Whether or not it ultimately gets reversed, the Ethics Committee’s embrace of the Nuremberg Defense also was taken by many as yet another sign that the loyalty of the APA leadership to the military-intelligence establishment is greater than its loyalty to its members. After all, last September those members decisively rebuked the APA leadership by passing by a 59% to 41% margin a referendum declaring that psychologists, whether involved in interrogations or treatment of detainees, do not belong in detention centers violating international law or the Constitution: “unless they are working directly for the persons being detained or for an independent third party working to protect human rights” [There is an exception for those psychologists treating US military personnel.]
The APA leadership, while nominally acknowledging the passage of the referendum and placing it “in effect” have treated it as an abstract statement with no direct action implications.
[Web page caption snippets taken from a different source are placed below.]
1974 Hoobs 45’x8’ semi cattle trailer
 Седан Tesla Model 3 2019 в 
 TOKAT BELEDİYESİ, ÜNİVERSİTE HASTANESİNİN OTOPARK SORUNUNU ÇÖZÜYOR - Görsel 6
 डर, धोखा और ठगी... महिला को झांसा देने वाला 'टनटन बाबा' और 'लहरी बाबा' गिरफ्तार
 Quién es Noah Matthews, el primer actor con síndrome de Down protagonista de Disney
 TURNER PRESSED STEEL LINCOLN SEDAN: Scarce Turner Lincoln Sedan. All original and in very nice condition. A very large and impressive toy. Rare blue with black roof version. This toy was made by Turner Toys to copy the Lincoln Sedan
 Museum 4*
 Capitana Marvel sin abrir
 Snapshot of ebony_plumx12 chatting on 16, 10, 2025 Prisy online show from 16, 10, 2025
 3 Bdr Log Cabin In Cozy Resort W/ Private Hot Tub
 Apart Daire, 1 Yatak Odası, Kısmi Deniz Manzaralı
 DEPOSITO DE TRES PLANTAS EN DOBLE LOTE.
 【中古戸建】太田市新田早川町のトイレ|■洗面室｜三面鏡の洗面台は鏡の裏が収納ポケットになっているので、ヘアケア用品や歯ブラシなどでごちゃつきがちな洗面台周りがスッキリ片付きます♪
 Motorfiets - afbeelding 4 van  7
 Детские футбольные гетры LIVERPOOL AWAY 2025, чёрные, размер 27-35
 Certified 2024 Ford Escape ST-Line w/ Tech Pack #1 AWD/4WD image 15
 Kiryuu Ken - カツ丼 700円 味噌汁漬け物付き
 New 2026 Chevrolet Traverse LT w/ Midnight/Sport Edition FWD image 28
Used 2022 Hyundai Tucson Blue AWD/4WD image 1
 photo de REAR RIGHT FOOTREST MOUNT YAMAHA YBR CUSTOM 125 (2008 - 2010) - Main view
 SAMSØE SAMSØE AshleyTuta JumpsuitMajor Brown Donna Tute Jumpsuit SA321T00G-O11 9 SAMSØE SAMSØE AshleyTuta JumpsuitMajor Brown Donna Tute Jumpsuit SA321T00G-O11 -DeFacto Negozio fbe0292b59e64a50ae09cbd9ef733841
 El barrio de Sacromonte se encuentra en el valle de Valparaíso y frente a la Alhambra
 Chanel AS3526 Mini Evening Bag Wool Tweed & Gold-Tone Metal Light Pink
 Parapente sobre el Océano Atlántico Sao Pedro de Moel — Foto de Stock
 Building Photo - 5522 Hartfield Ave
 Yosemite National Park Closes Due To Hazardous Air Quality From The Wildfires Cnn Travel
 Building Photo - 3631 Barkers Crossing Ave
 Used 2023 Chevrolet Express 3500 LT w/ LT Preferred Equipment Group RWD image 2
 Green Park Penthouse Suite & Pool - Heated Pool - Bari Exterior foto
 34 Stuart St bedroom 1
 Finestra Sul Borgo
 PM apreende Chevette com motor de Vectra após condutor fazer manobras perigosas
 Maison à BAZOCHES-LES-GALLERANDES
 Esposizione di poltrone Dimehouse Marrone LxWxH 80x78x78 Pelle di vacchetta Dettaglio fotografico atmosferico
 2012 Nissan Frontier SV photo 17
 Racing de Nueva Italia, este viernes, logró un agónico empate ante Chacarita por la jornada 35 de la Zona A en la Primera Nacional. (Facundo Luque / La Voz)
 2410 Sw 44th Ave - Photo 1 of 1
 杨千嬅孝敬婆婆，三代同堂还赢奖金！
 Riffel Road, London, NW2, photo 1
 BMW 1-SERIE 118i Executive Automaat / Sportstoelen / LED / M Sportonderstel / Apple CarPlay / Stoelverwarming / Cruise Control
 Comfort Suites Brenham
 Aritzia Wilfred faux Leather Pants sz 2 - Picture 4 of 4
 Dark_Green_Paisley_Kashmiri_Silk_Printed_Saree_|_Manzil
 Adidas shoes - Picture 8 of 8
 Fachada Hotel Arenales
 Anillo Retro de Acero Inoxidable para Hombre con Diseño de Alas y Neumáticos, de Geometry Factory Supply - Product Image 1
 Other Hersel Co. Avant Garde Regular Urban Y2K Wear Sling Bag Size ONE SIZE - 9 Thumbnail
They have undermined the clear sense of the voting members that psychologists do not belong at Guantanamo or other sites. This leadership has stymied efforts to apply the referendum to any actually existing detention facility, such as Guantanamo or Bagram, where indefinite detention without trial and other violations of human rights are still in effect.
In response to the disappointing Ethics Committee recommendation, leading to, at best, additional delay in removing the Nuremberg Defense from the Ethics Code, as well as the failure to fully implement the member-passed referendum, activists are discussing how to respond to what they view as an unacceptable bending of professional ethics to the wishes of the military-intelligence establishment. Some members are contemplating resigning, joining many who have previously taken that step. Others may hold their breathe and see if, this time, perhaps, APA leaders really mean change. Meanwhile there has been no action on the other major actions, including other essential ethics code revisions, recommended in the Psychologist/Human Rights groups Open Letter:
“1. Fully implement the 2008 referendum as an enforceable section of the APA Code of Ethics. This entails a public announcement that APA policy and ethical standards oppose the service of psychologists in detention facilities at Guantanamo Bay Detention Camp, Bagram Air Base, CIA secret prisons, or in the rendition program.
“2. Annul the June 2005 PENS Report due to the severe and multiple conflicts of interest involved in its production.
“3. Bring in an independent body of investigative attorneys to pursue accountability for psychologists who participated in or otherwise contributed to torture or cruel, inhuman, or degrading treatment. APA should also: (a) clarify the status of open ethics cases and (b) remove the statute of limitations for violations involving torture or cruel, inhuman, or degrading treatment, so as to allow time for information on classified activities to become public.
“4. Develop a clear and rapid timetable to remove Sections 1.02 and 1.03 [the “Nuremberg defense” of following orders] from the APA Code of Ethics. [We note that the APA Ethics Committee has stated that they will not accept a defense of following orders to complaints regarding torture; this statement is a welcome improvement but it is clearly inadequate as it is not necessarily binding on future committees nor does it cover abuses falling under the category of cruel, inhuman, or degrading treatment.] Revoke the equally problematic Section 8.05 of the Code, which dispenses with informed consent “where otherwise permitted by law or federal or institutional regulations,” and Section 8.07, which sets an unacceptably high threshold of “severe emotional distress” for not using deception in the ethics of research design.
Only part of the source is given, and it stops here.